Best Of The Fray

What Became of the Butler?

Subject: Cool for Cats
Re:
Moneybox: Ad Report Card: PETA’s Screwy Cats
From:
Ingrid Newkirk, President of PETA
Date:
Wed Mar 7  10:58 a.m. PT

Thanks for drawing attention to our cool video. I think. You gave the commercial an A for style, but gave us a D for “not knowing how to use it.” I’m not sure you know all our plans for using it, but a) its launch has been hugely successful in reaching a ton of people of all ages, income brackets and lifestyles, and b) you should have given yourself a D for not suggesting a clever way to use it. If you know a way we haven’t thought of … in a tabloid press era when people have so much competing for their attention and advertisers bombarding them with paid lures to buy anything and everything, cough it up. Please.

[Find this post here.]

Subject: Read Every Word of This

Re:
Culturebox: The Literary Critic’s Shelf of Shame

From:
Dan Simon

Date:
Tue Mar 6  1:07 p.m. PT

[How] to come up with the “confession” that actually reflects most flatteringly on the confessor in the “great books I haven’t read” game?

  • The boast-rephrased-as-a-confession: “Although I’ve made it through all his other works, I just can’t seem to get much beyond the first two-thirds of Joyce’s Finnegan’s Wake without getting bogged down.”
  • The confession of monstrous erudition: “I have been told that Rainis is the one Latvian poet I really should read, but his work is just so, well, stuffy …”
  • The confession of taste slightly more rarefied than yours: “Thirty pages into … Remains of the Day, I remember thinking, ‘reads like a Masterpiece Theater script’ and chucking it away. Now I’m embarrassed to say I don’t even know what ever became of that stupid butler.” 

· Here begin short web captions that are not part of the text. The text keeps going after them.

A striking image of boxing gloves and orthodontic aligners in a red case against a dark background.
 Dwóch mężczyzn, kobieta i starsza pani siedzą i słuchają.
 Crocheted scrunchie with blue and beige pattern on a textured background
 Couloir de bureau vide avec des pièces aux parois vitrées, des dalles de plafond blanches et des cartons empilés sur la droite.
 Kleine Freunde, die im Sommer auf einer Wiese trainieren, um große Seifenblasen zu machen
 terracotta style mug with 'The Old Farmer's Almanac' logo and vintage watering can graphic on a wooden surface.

    [Read this post in full here.]

Subject: Paying the Piper

Re:
Culturebox: The Semiconducting Superconductor

From:
Zajal

Date:
Fri Mar 9  5:23 a.m. PT

Symphonic music is an anachronism of the most blatant kind. It does not reinvent itself, nor does it foster “new” music. It is the very embodiment of ancient privilege. … And the [new] conductor of the New York Philharmonic? Sorry, Musicians, your salary is paid by the people who put up the bucks. Sorry, Intelligentsia, you never were as significant as you thought. Sorry, Contemporary Composers, but most people never even notice.

[Find this post here.]

Subject: Warning

Re:
The Breakfast Table: Three Fraysters

From:
Publius

Date:
Mar 12  9:55 a.m. PT

Congratulations, Will, Joe, Arthur. But beware: Now that you’ve been plucked from among the unwashed masses to become card-carrying members of the media elite, agents of the left-wing media conspiracy, lackeys of the right-wing globalist-corporatist masters of the media, uncounted numbers of ordinary folks are drawing a bead on you. By week’s end, you may feel like an Afghan statue after the Taliban artillery have passed by.

[Find this post here.] 

Fray Notes:

The most controversial Fray Notes of the week came at the end of this seemingly harmless “Moneybox” on Weblogs. Various people complained; guess who. (Of course, Rob Walker does read his Fray, and Zeitguy is a valued poster.)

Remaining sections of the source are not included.